Dru Samia III (born August 22, 1997) is an American football offensive guard who is a free agent. He played college football at Oklahoma.

College career
A four-star offensive tackle recruit, Samia chose Oklahoma out of 15 scholarship offers received.

Samia won the 2018 Joe Moore Award, and was named a second-team All-American and first-team All-Big 12 Conference after moving from right tackle to right guard. Scouts noted Samia for his hustle to the whistle, but also noted an occasionally high pad level. During his time at OU, Samia also made the All-Big 12 Academic Team twice.

Professional career

At the 2019 NFL Scouting Combine, Samia ran the 40-yard dash in 5.29 seconds, recorded 28 reps on the bench press, a 27.5-inch vertical jump and a 101-inch broad jump.

Minnesota Vikings
Samia was drafted by the Minnesota Vikings in the fourth round (114th overall) of the 2019 NFL Draft.

Samia was placed on the reserve/COVID-19 list by the team on November 16, 2020, and activated on November 25.

On August 31, 2021, Samia was waived/injured by the Vikings and placed on injured reserve.
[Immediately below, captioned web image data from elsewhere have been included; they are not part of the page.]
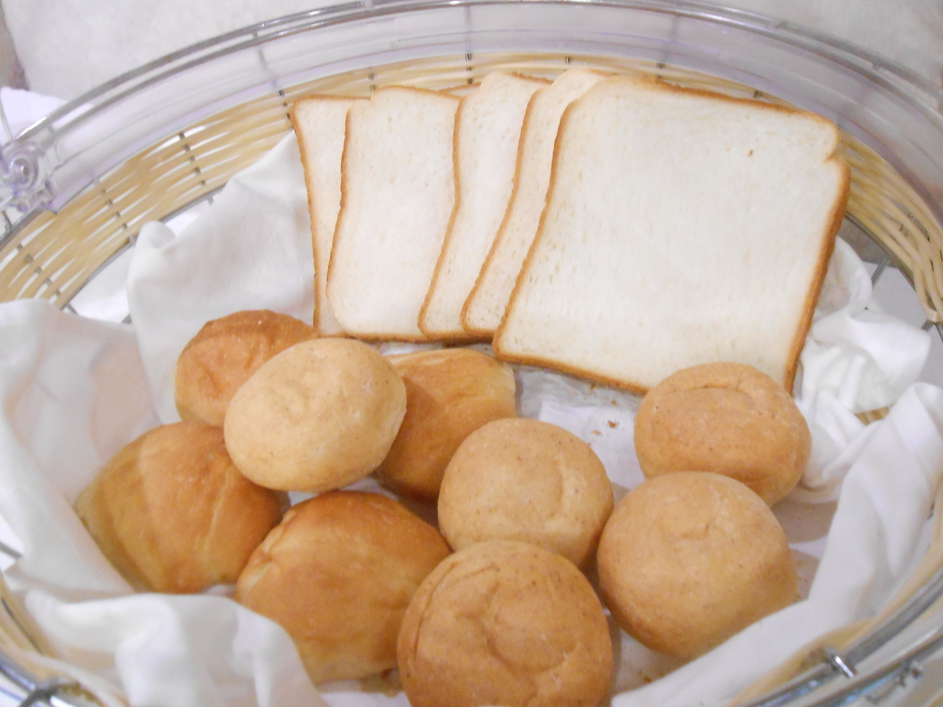 朝食バイキング美味しいパン色々♪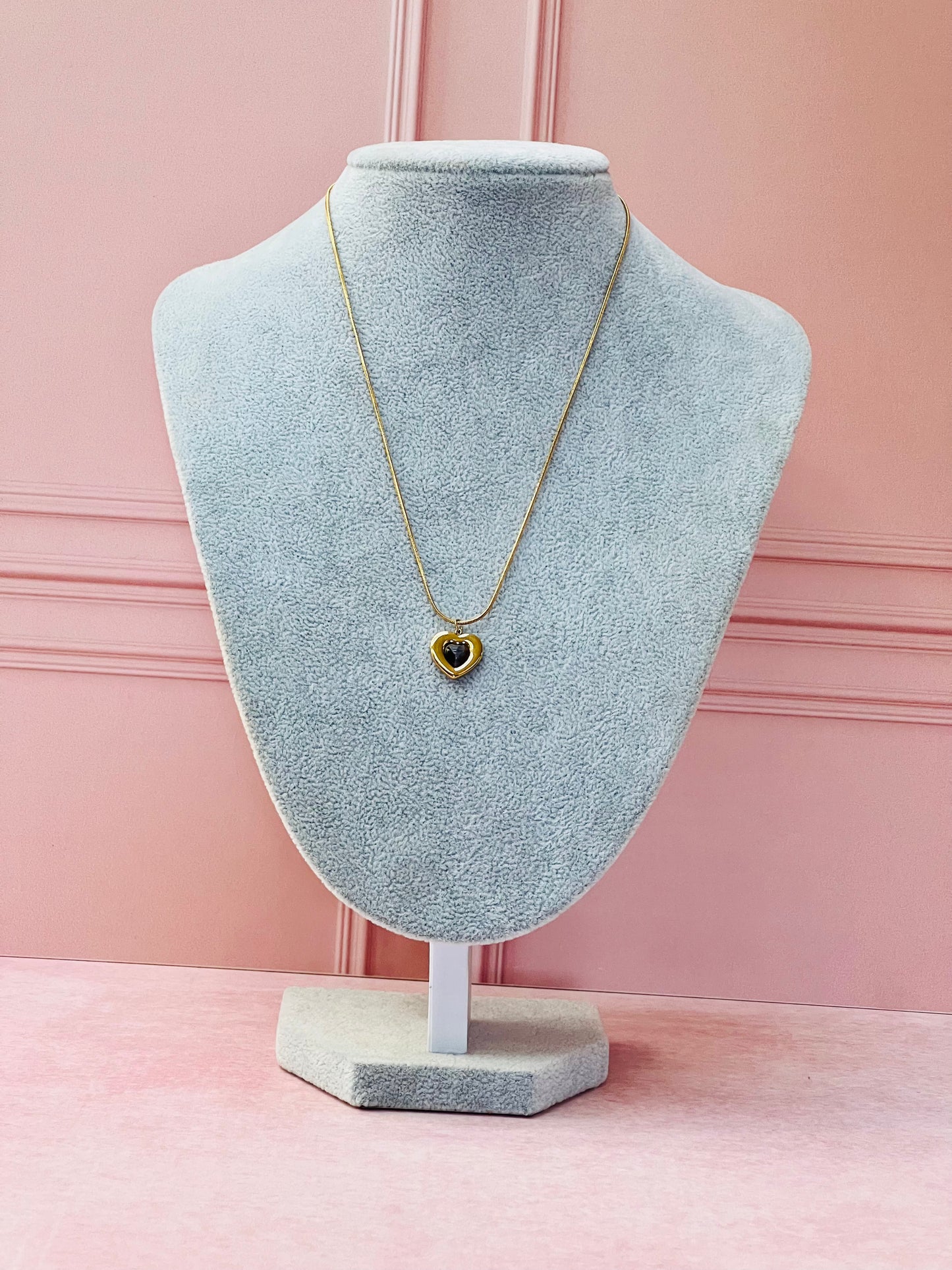COLLAR ASIA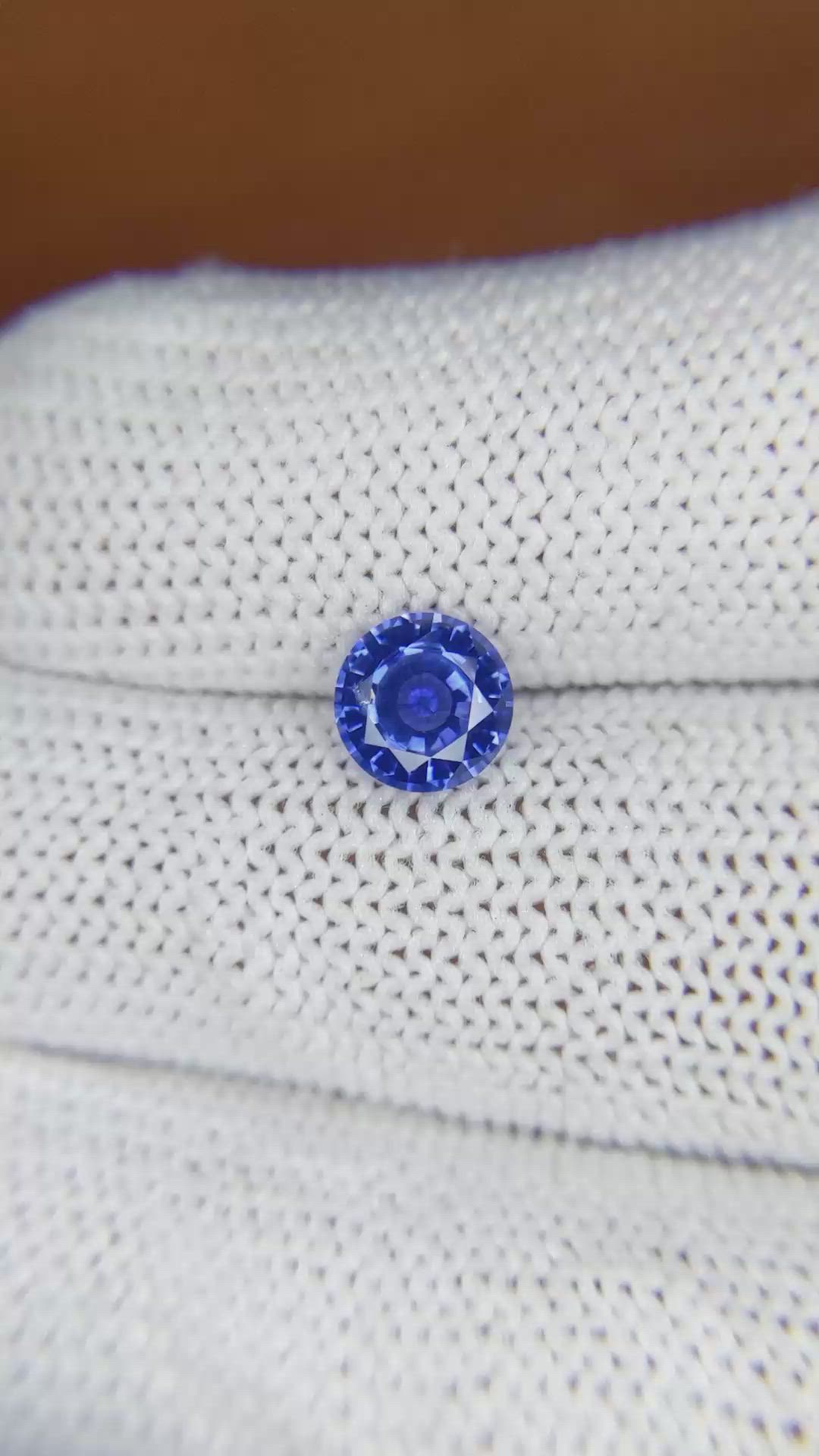 1.26 Ct. Blue Sapphire from Ceylon (Sri Lanka) Size Video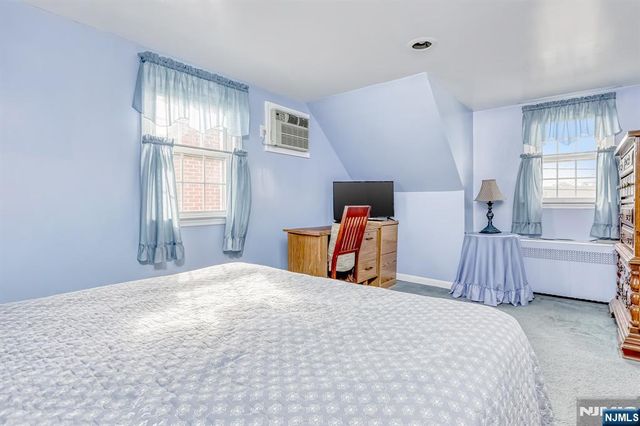 85 Catherine Avenue, Saddle Brook, NJ 07663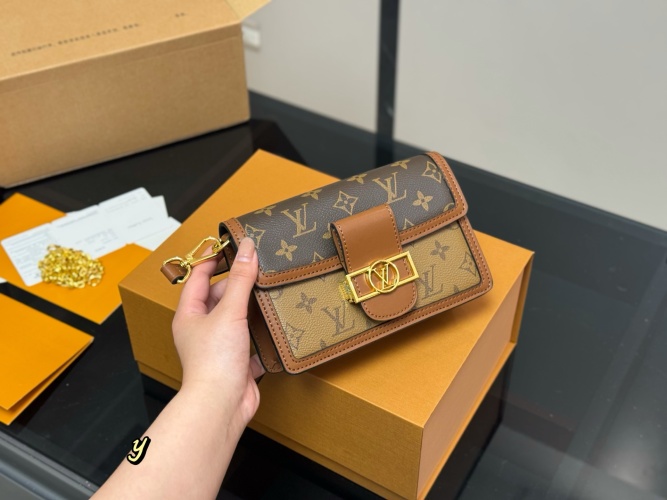 Louis Vuitton Daphinee Bag with Chain and Strap-High Quality Replica 1 Louis Vuitton Daphinee Bag with Chain and Strap-High Quality Replica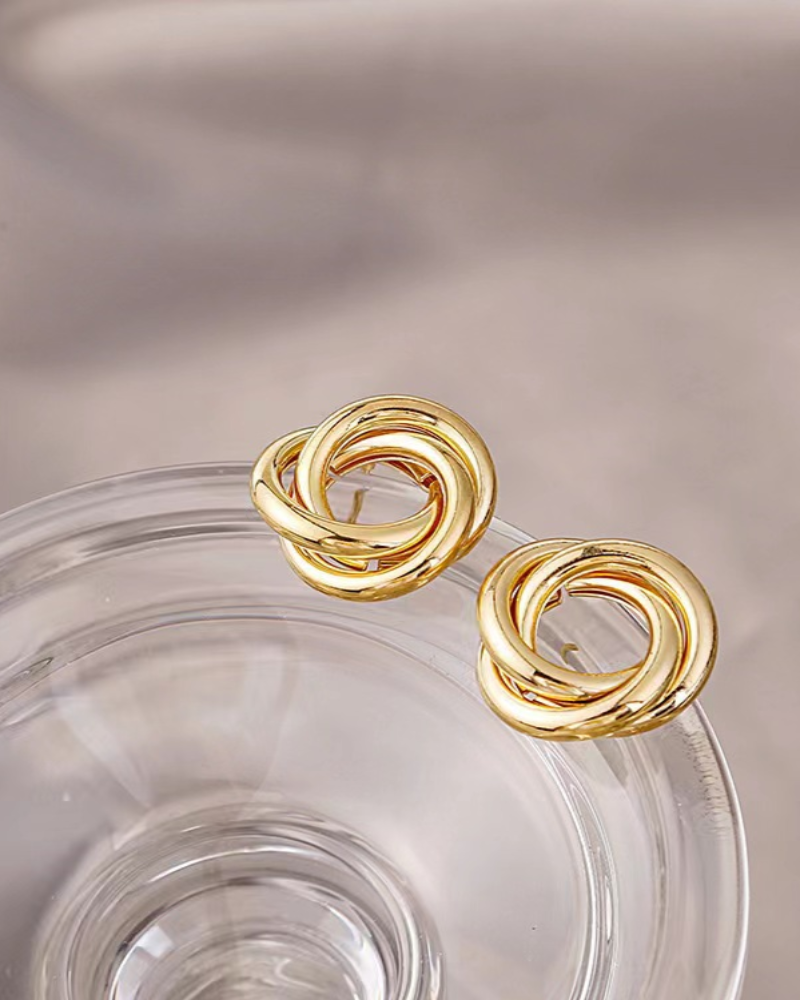 Aurelia Knot Studs - Dalm Fashion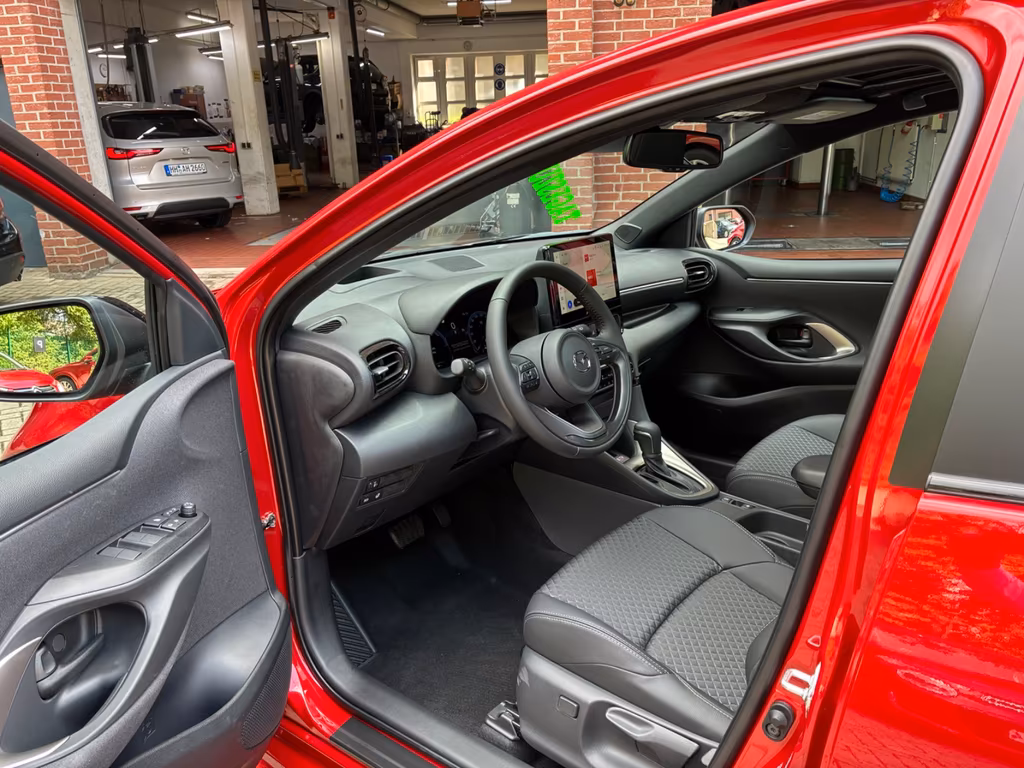Mazda 2 Hybrid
He was released on September 8, 2021.

New York Jets
On October 12, 2021, Samia was signed to the New York Jets practice squad. He signed a reserve/future contract with the Jets on January 10, 2022. He was waived on July 26, 2022 and placed on the reserve/PUP list. He was released on March 13, 2023.

Personal life
Samia is half Samoan, and got a tattoo to signify the importance of the Samoan culture to him.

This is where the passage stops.